Further, in some cases, an encoder can encode layers of a given access unit such that they depend directly to a layer that is not the immediate lower neighboring layer of the layer in question, while for other access units, the dependency relationship may be a traditional one where each layer depends directly on its immediate lower neighboring layer. Referring to FIG. 2c, layer 2 (210) is not referring to layer 1 (211) (which is not present, indicated by its dashed outline), but through a direct interlayer prediction relationship (212) from layer 0 (201) that is not coded directly in the DPS. Note that the inter-layer prediction relationships as depicted in FIGS. 2b and 2c can co-exist in the same scalable bitstream but pertain to different access units.

In order to support the use cases of both FIGS. 2b and 2c, and to allow for per access unit switching of target layers and skipped layers (in the sense of layer 211 in FIG. 2c), a mechanism is needed that can signal, per access unit, the presence or absence of each layer for the purpose of inter-layer prediction.

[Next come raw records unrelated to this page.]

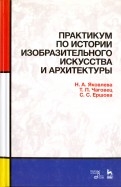 530498-covermid.jpg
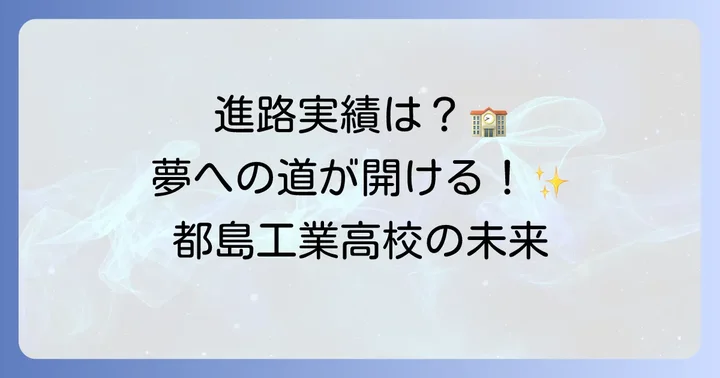 卒業後の未来を拓く！都島工業高校の進路実績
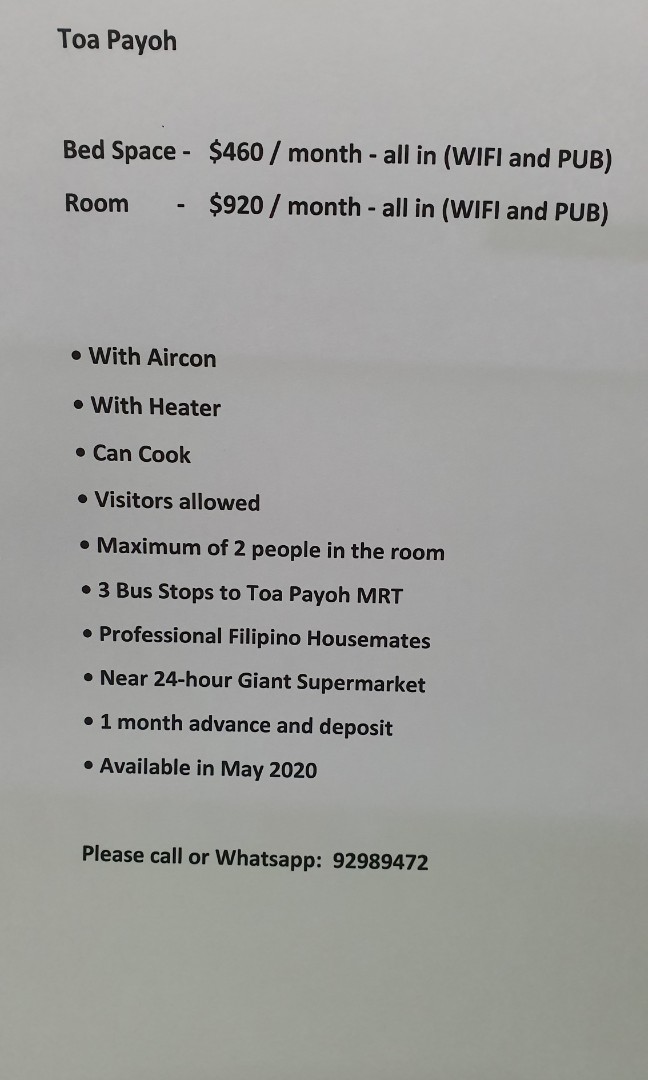 (Category: ) located in . Submitted by majal (Listing ID 1003880038, Image 1). Description: .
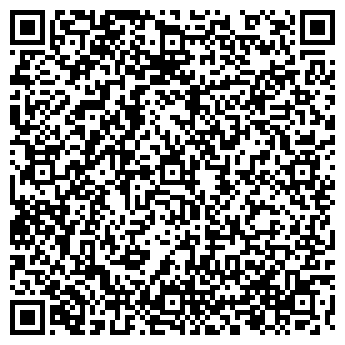 QR-код с контактной информацией организации ООО "ГранПласт"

According to the same or another embodiment, an access unit can include, for example all layers permissible according to the table of layer descriptions in the DPS, a layer_not_present_flag. The layer_not_present flag can be set to 0 if a layer is present, and 1 if a layer is not present. The layer can be identified by its layer_id.

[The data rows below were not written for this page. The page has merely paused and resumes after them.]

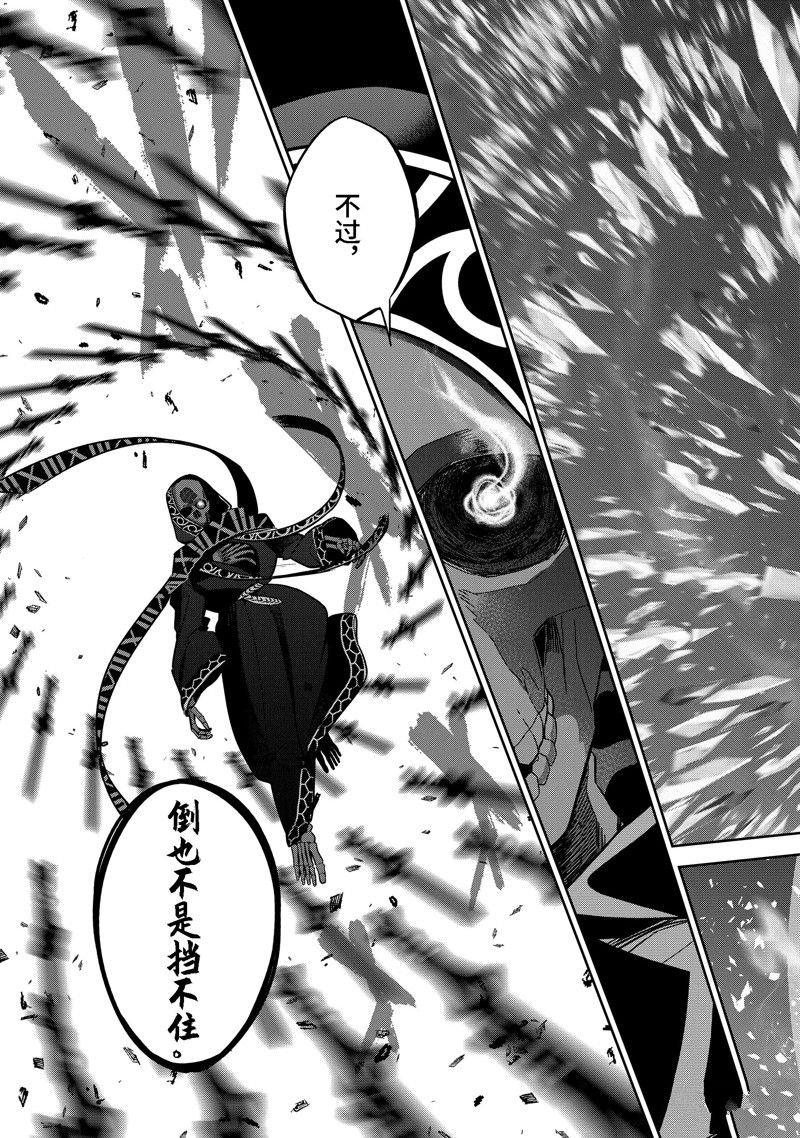 第33.2话 试看版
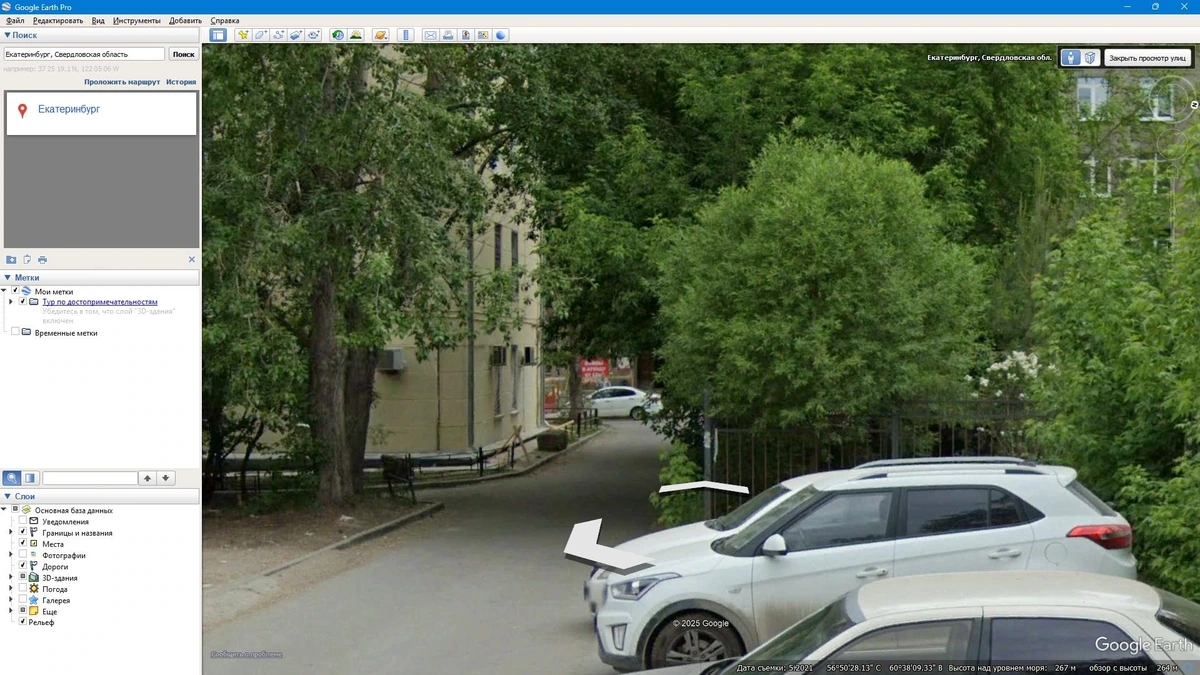 Google Earth спутниковые снимки Земли Pro 7.3.6.10201 by elchupacabra — изображение 3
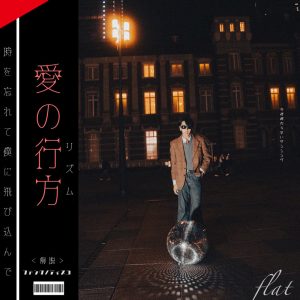 flat – 愛の行方 歌詞 ( Lyrics) ジャケット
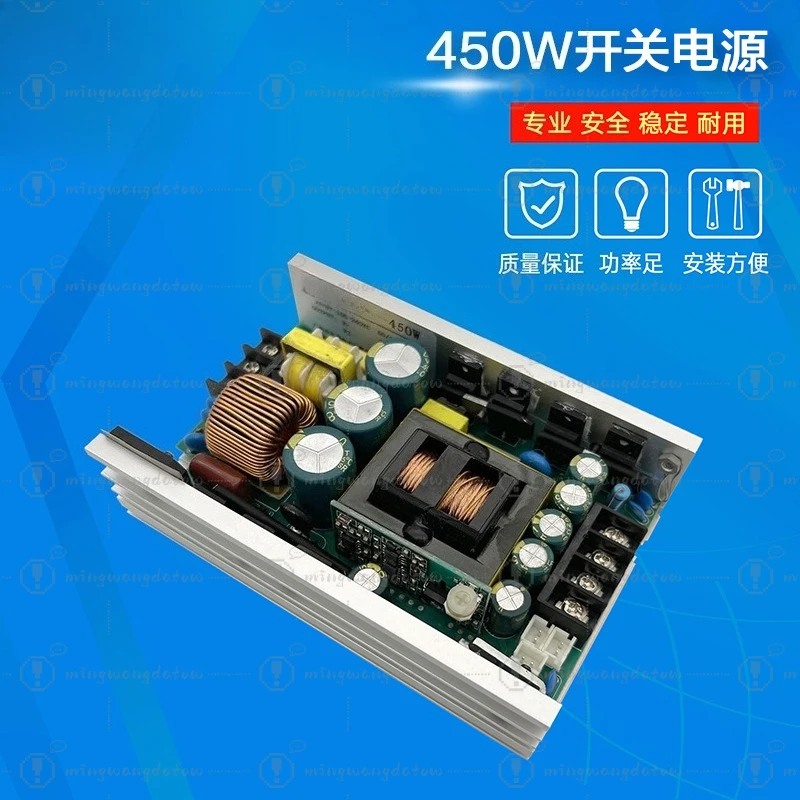 450W Stage Lighting Switching Power Supply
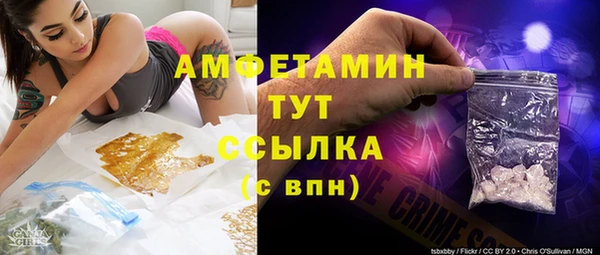 кокаин Балахна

Referring to FIG. 2d, shown is a table indicating the layer_not_present_flag values for layer_ids 0 through 3 (213) (which are permissible for the DPS as outlined in FIG. 2a), and for the layer structure of FIG. 2b (214) and FIG. 2c (215) respectively.

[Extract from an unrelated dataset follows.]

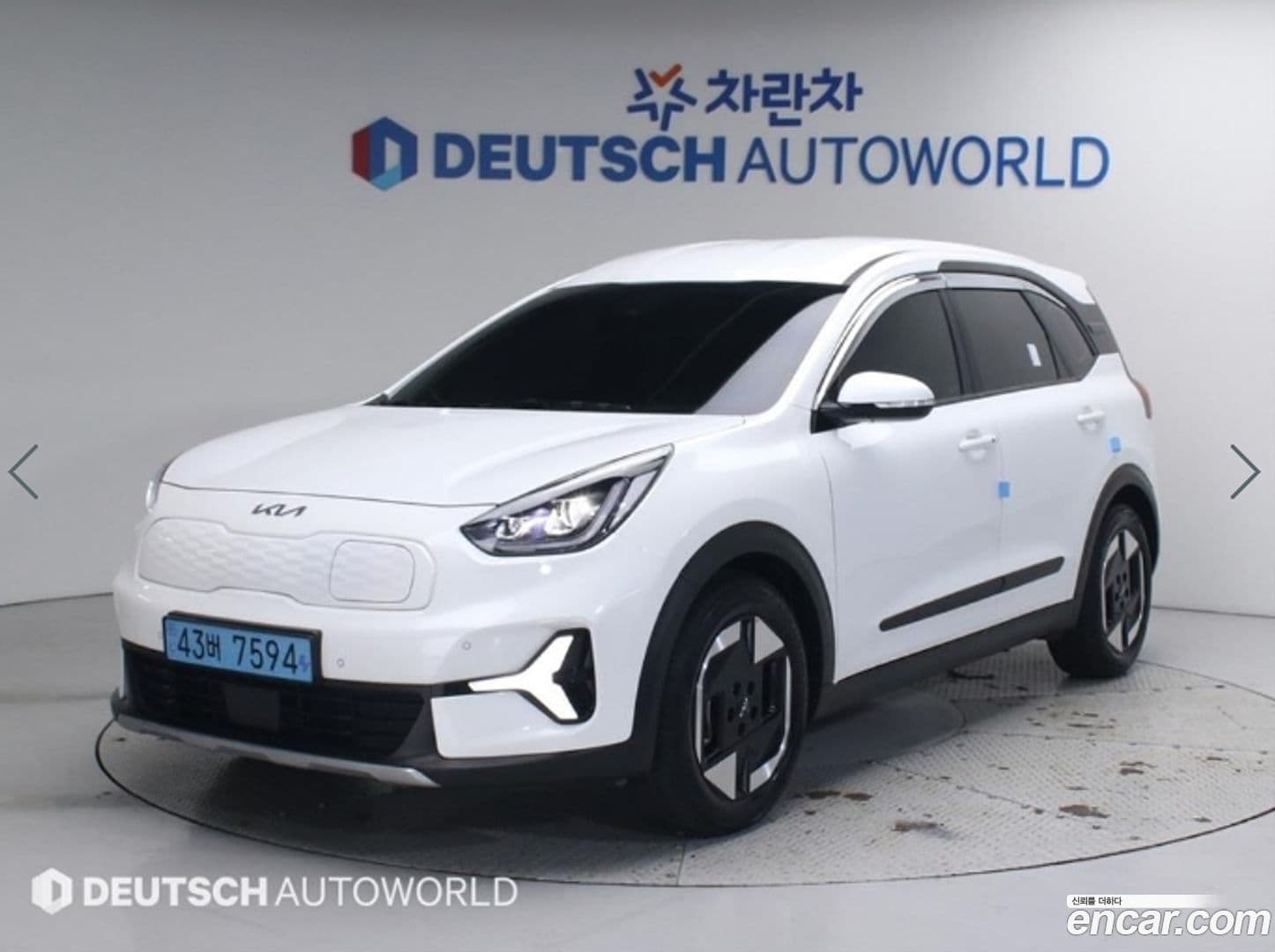 Main__Slider__Photo:Niro Kia 2023.2-0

When an encoder removes a layer that can, according to the DPS information, be used as a reference layer in a given access unit, the dependencies of other layers in the access unit upon the removed reference layer for that access unit can be modified as has been described in the context of FIG. 2c. In the same or another embodiment, if an access unit reference layer is an independent layer, which can be indicated by dependent flag equal to 0, and is marked (for example: by the encoder) as being not present, which can be indicated by layer_not_present_flag equal to 1, the access unit layer that directly depends upon non-present reference layer can be inferred to be an independent layer.

If an access unit reference layer is itself a dependent layer, with dependent_flag equal to 1, and is marked as being not present, an access unit layer that depends upon it has its reference layer modified to being the reference layer of the not present layer. Expressed in exemplary pseudo-code,

When ReferenceLayer_id[ j ] is equal to i and layer_not_present_flag[ i ] is equal to 0, if dependent_flag[ i ] equal to 0 dependent_flag[ j ] is inferred to be equal to 0. else ReferenceLayer_id[ j ] = ReferenceLayer_id[ i ]

In addition to an encoder, in the same or another embodiment, a MANE can modify the layer_not_present flag(s) during its operation, though its options are somewhat more limited than the option of an encoder. A MANE can, for example perform an operation of removing the two highest layers as was described in the context of FIG. 2b, and provide the decoder with the appropriate flag values so to ensure that the decoder is informed early about the non-presence of the removed layers, and can commence decoding without relying on error detection through, for example a timeout.

In the same or another embodiment, the flags can, for example, be part of a layer not present NAL unit specifically included to signal the presence or absence of layers. An encoder or MANE can advantageously place this NAL unit at the start, or close to the start, of an access unit, so to inform the decoder early that certain layers are missing. Redundant copies of the layer not present NAL unit may be placed in other locations in the access unit so to enable error resilient operation (at the expense of a slight increase of delay) in case the first layer not present NAL unit is lost or damaged in transmission from encoder/MANE to decoder.

One NAL unit that can be part of an access unit and that, if present, is always the first NAL unit in the access unit according to H.264 and WD9 is known as the access unit delimiter NAL unit. According to the same or another embodiment, the layer not present flags can be placed into this NAL unit.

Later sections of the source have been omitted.